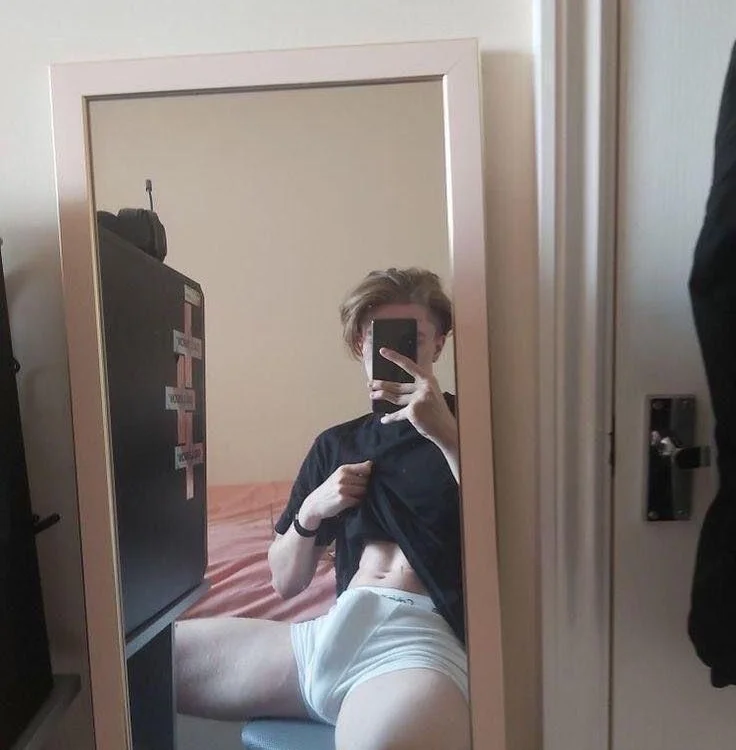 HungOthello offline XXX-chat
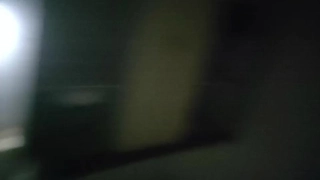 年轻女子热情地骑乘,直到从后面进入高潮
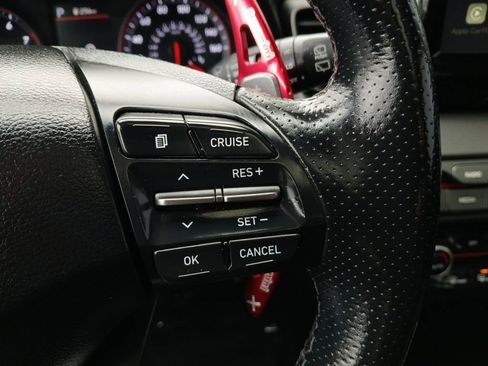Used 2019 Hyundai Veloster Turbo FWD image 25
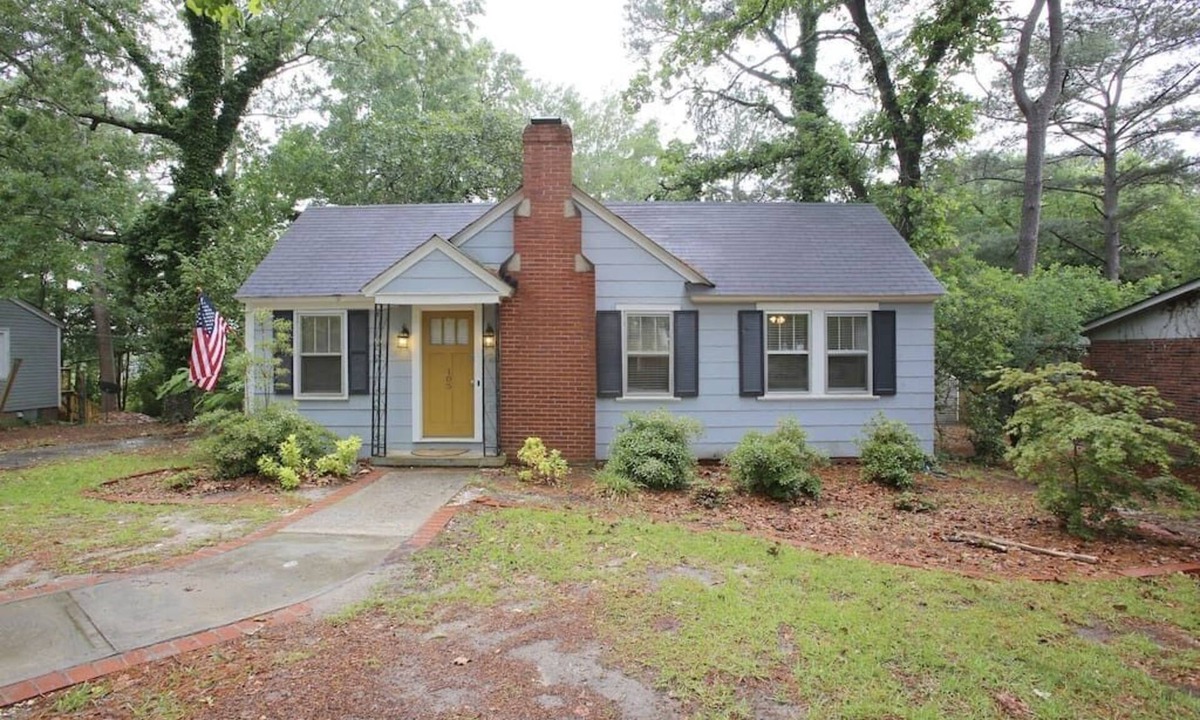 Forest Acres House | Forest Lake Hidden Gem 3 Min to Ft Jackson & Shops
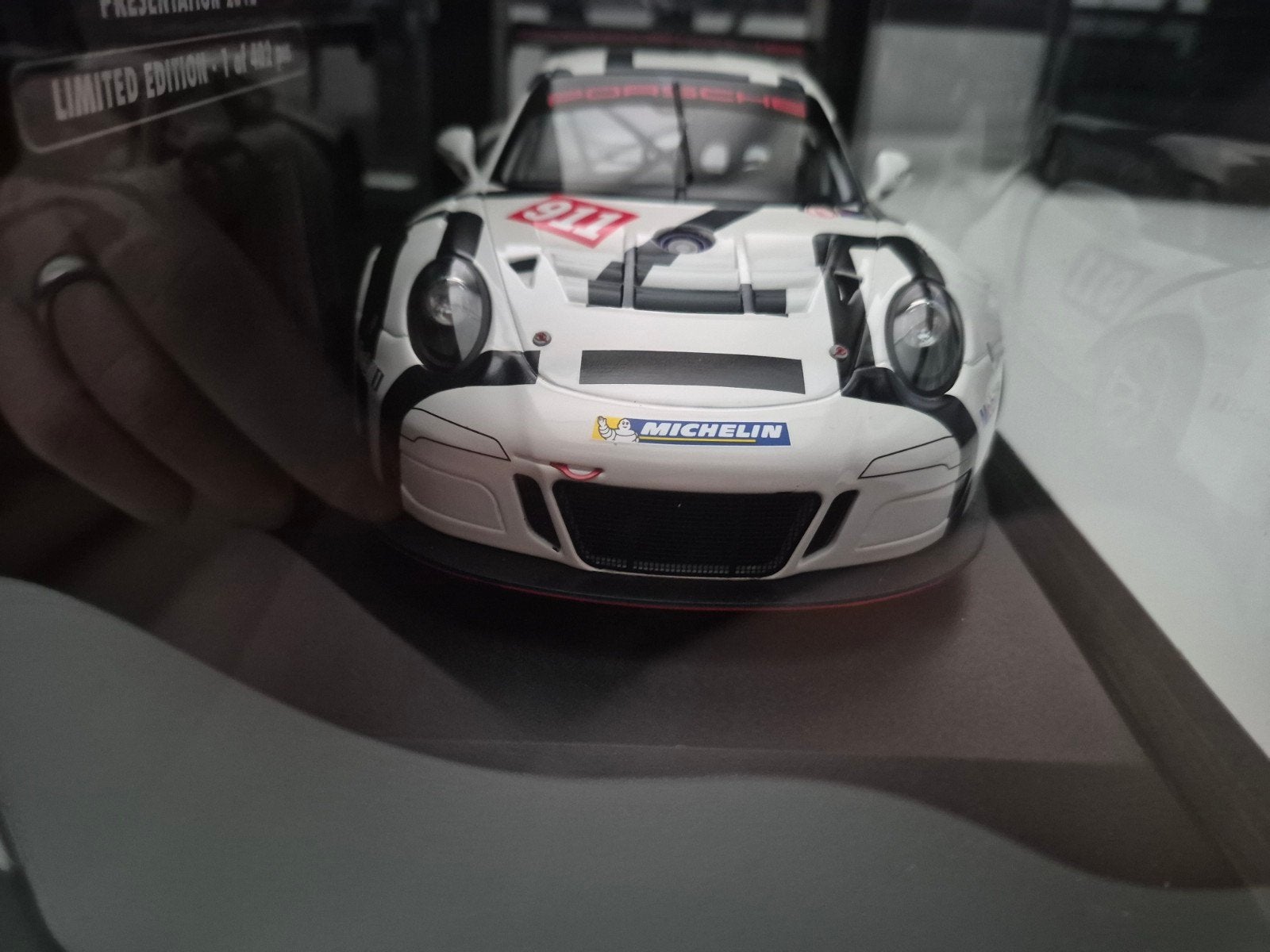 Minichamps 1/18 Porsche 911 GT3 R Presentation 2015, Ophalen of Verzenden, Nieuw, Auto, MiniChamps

==

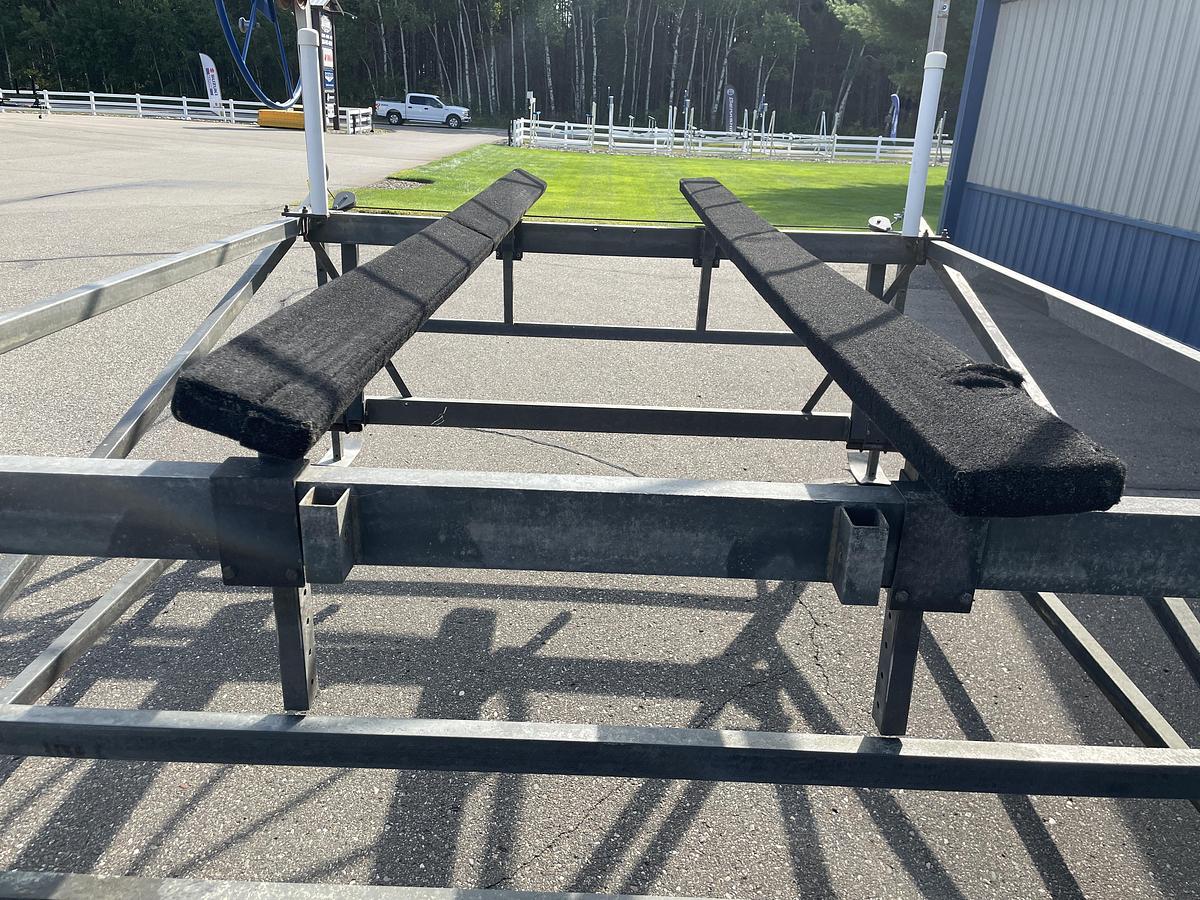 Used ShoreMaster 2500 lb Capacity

...

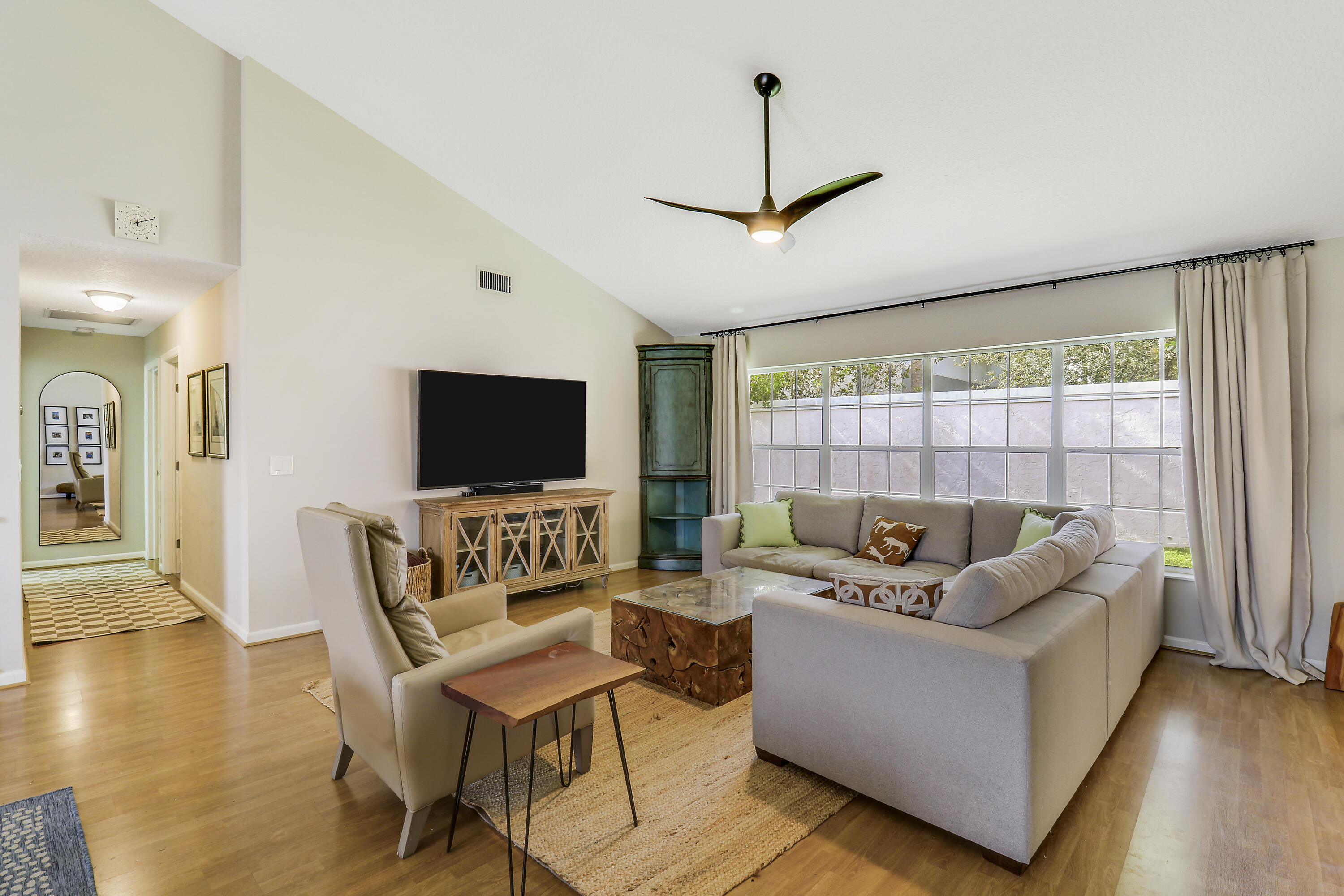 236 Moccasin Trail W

- _YOUR TASK_
Although the records hold pictures, the copy must not; give again exactly the lines from the one with "年轻女子热情地骑乘,直到从后面进入高潮" through the one with "Minichamps 1/18 Porsche".

- _YOUR RESPONSE_
 年轻女子热情地骑乘,直到从后面进入高潮
Used 2019 Hyundai Veloster Turbo FWD image 25
 Forest Acres House | Forest Lake Hidden Gem 3 Min to Ft Jackson & Shops
 Minichamps 1/18 Porsche 911 GT3 R Presentation 2015, Ophalen of Verzenden, Nieuw, Auto, MiniChamps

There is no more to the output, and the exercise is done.